_TASK REQUIREMENTS_: The listing below needs to be copied in full, exactly.

_PROVIDED MATERIAL_:
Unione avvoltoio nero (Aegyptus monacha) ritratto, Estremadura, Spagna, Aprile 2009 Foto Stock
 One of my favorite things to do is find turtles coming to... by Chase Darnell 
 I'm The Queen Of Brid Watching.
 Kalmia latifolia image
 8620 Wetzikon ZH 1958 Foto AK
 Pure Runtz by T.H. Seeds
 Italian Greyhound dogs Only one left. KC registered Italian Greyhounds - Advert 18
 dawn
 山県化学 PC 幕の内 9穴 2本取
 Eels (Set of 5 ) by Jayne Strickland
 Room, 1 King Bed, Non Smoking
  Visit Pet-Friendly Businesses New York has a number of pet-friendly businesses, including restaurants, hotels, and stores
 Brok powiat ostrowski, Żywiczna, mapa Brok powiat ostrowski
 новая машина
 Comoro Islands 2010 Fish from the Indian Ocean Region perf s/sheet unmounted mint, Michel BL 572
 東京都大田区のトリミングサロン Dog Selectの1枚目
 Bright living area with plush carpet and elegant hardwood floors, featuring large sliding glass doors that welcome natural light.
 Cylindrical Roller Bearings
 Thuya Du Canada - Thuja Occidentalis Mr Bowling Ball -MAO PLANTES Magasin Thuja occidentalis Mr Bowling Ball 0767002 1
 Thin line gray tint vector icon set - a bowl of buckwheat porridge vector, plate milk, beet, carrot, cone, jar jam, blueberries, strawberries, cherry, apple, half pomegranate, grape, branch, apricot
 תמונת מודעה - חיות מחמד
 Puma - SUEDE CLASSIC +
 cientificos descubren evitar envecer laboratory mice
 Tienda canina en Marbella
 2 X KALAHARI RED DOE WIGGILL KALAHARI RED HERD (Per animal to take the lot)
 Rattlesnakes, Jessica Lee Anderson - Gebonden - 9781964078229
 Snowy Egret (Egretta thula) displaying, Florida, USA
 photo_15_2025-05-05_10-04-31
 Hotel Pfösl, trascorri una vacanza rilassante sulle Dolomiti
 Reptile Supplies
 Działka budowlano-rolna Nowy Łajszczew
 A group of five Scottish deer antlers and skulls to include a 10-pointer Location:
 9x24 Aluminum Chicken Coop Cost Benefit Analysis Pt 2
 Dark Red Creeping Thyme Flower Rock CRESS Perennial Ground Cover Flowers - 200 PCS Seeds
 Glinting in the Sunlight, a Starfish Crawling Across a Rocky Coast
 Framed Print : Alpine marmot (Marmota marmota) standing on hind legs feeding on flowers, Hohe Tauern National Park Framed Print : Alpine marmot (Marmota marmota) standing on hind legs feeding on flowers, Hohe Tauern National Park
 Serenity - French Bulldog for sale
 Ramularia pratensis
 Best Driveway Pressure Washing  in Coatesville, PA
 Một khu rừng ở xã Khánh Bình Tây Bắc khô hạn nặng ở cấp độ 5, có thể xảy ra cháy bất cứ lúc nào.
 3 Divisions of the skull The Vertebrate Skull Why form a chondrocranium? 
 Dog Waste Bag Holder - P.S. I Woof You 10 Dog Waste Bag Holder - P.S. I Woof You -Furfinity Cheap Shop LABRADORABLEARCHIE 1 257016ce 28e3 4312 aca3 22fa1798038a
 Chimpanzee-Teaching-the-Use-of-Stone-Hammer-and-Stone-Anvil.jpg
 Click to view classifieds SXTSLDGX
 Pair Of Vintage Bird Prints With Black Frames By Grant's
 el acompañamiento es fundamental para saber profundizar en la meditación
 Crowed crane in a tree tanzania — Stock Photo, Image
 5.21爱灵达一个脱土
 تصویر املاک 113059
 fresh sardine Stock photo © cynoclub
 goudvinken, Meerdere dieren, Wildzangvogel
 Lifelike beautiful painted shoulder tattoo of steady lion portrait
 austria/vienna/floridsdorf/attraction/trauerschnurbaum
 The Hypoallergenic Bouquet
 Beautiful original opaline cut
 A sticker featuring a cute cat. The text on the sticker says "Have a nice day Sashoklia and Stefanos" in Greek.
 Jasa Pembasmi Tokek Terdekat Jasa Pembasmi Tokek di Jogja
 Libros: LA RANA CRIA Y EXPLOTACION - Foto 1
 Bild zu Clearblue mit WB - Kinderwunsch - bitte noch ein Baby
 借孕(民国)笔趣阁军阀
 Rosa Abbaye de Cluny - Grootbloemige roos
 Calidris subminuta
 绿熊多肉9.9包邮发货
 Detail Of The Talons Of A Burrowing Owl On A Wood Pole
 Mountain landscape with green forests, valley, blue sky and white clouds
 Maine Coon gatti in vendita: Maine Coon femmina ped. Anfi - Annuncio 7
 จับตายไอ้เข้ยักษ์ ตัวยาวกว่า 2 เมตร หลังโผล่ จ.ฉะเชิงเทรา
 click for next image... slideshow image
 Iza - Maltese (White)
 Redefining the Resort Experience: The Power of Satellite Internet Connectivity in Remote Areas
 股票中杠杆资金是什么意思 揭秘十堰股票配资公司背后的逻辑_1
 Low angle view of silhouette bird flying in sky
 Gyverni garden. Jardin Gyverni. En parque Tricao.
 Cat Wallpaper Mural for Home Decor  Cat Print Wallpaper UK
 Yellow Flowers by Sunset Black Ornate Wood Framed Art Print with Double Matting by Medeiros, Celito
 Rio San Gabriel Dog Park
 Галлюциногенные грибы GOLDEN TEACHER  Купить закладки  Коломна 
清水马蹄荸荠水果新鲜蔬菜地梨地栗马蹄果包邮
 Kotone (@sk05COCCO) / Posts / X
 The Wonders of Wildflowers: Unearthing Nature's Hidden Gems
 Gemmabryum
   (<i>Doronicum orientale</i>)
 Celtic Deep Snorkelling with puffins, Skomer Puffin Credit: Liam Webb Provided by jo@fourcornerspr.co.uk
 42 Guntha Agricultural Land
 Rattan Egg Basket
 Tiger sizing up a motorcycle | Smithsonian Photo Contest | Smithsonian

_ANSWER_:
Unione avvoltoio nero (Aegyptus monacha) ritratto, Estremadura, Spagna, Aprile 2009 Foto Stock
 One of my favorite things to do is find turtles coming to... by Chase Darnell 
 I'm The Queen Of Brid Watching.
 Kalmia latifolia image
 8620 Wetzikon ZH 1958 Foto AK
 Pure Runtz by T.H. Seeds
 Italian Greyhound dogs Only one left. KC registered Italian Greyhounds - Advert 18
 dawn
 山県化学 PC 幕の内 9穴 2本取
 Eels (Set of 5 ) by Jayne Strickland
 Room, 1 King Bed, Non Smoking
  Visit Pet-Friendly Businesses New York has a number of pet-friendly businesses, including restaurants, hotels, and stores
 Brok powiat ostrowski, Żywiczna, mapa Brok powiat ostrowski
 новая машина
 Comoro Islands 2010 Fish from the Indian Ocean Region perf s/sheet unmounted mint, Michel BL 572
 東京都大田区のトリミングサロン Dog Selectの1枚目
 Bright living area with plush carpet and elegant hardwood floors, featuring large sliding glass doors that welcome natural light.
 Cylindrical Roller Bearings
 Thuya Du Canada - Thuja Occidentalis Mr Bowling Ball -MAO PLANTES Magasin Thuja occidentalis Mr Bowling Ball 0767002 1
 Thin line gray tint vector icon set - a bowl of buckwheat porridge vector, plate milk, beet, carrot, cone, jar jam, blueberries, strawberries, cherry, apple, half pomegranate, grape, branch, apricot
 תמונת מודעה - חיות מחמד
 Puma - SUEDE CLASSIC +
 cientificos descubren evitar envecer laboratory mice
 Tienda canina en Marbella
 2 X KALAHARI RED DOE WIGGILL KALAHARI RED HERD (Per animal to take the lot)
 Rattlesnakes, Jessica Lee Anderson - Gebonden - 9781964078229
 Snowy Egret (Egretta thula) displaying, Florida, USA
 photo_15_2025-05-05_10-04-31
 Hotel Pfösl, trascorri una vacanza rilassante sulle Dolomiti
 Reptile Supplies
 Działka budowlano-rolna Nowy Łajszczew
 A group of five Scottish deer antlers and skulls to include a 10-pointer Location:
 9x24 Aluminum Chicken Coop Cost Benefit Analysis Pt 2
 Dark Red Creeping Thyme Flower Rock CRESS Perennial Ground Cover Flowers - 200 PCS Seeds
 Glinting in the Sunlight, a Starfish Crawling Across a Rocky Coast
 Framed Print : Alpine marmot (Marmota marmota) standing on hind legs feeding on flowers, Hohe Tauern National Park Framed Print : Alpine marmot (Marmota marmota) standing on hind legs feeding on flowers, Hohe Tauern National Park
 Serenity - French Bulldog for sale
 Ramularia pratensis
 Best Driveway Pressure Washing  in Coatesville, PA
 Một khu rừng ở xã Khánh Bình Tây Bắc khô hạn nặng ở cấp độ 5, có thể xảy ra cháy bất cứ lúc nào.
 3 Divisions of the skull The Vertebrate Skull Why form a chondrocranium? 
 Dog Waste Bag Holder - P.S. I Woof You 10 Dog Waste Bag Holder - P.S. I Woof You -Furfinity Cheap Shop LABRADORABLEARCHIE 1 257016ce 28e3 4312 aca3 22fa1798038a
 Chimpanzee-Teaching-the-Use-of-Stone-Hammer-and-Stone-Anvil.jpg
 Click to view classifieds SXTSLDGX
 Pair Of Vintage Bird Prints With Black Frames By Grant's
 el acompañamiento es fundamental para saber profundizar en la meditación
 Crowed crane in a tree tanzania — Stock Photo, Image
 5.21爱灵达一个脱土
 تصویر املاک 113059
 fresh sardine Stock photo © cynoclub
 goudvinken, Meerdere dieren, Wildzangvogel
 Lifelike beautiful painted shoulder tattoo of steady lion portrait
 austria/vienna/floridsdorf/attraction/trauerschnurbaum
 The Hypoallergenic Bouquet
 Beautiful original opaline cut
 A sticker featuring a cute cat. The text on the sticker says "Have a nice day Sashoklia and Stefanos" in Greek.
 Jasa Pembasmi Tokek Terdekat Jasa Pembasmi Tokek di Jogja
 Libros: LA RANA CRIA Y EXPLOTACION - Foto 1
 Bild zu Clearblue mit WB - Kinderwunsch - bitte noch ein Baby
 借孕(民国)笔趣阁军阀
 Rosa Abbaye de Cluny - Grootbloemige roos
 Calidris subminuta
 绿熊多肉9.9包邮发货
 Detail Of The Talons Of A Burrowing Owl On A Wood Pole
 Mountain landscape with green forests, valley, blue sky and white clouds
 Maine Coon gatti in vendita: Maine Coon femmina ped. Anfi - Annuncio 7
 จับตายไอ้เข้ยักษ์ ตัวยาวกว่า 2 เมตร หลังโผล่ จ.ฉะเชิงเทรา
 click for next image... slideshow image
 Iza - Maltese (White)
 Redefining the Resort Experience: The Power of Satellite Internet Connectivity in Remote Areas
 股票中杠杆资金是什么意思 揭秘十堰股票配资公司背后的逻辑_1
 Low angle view of silhouette bird flying in sky
 Gyverni garden. Jardin Gyverni. En parque Tricao.
 Cat Wallpaper Mural for Home Decor  Cat Print Wallpaper UK
 Yellow Flowers by Sunset Black Ornate Wood Framed Art Print with Double Matting by Medeiros, Celito
 Rio San Gabriel Dog Park
 Галлюциногенные грибы GOLDEN TEACHER  Купить закладки  Коломна 
清水马蹄荸荠水果新鲜蔬菜地梨地栗马蹄果包邮
 Kotone (@sk05COCCO) / Posts / X
 The Wonders of Wildflowers: Unearthing Nature's Hidden Gems
 Gemmabryum
   (<i>Doronicum orientale</i>)
 Celtic Deep Snorkelling with puffins, Skomer Puffin Credit: Liam Webb Provided by jo@fourcornerspr.co.uk
 42 Guntha Agricultural Land
 Rattan Egg Basket
 Tiger sizing up a motorcycle | Smithsonian Photo Contest | Smithsonian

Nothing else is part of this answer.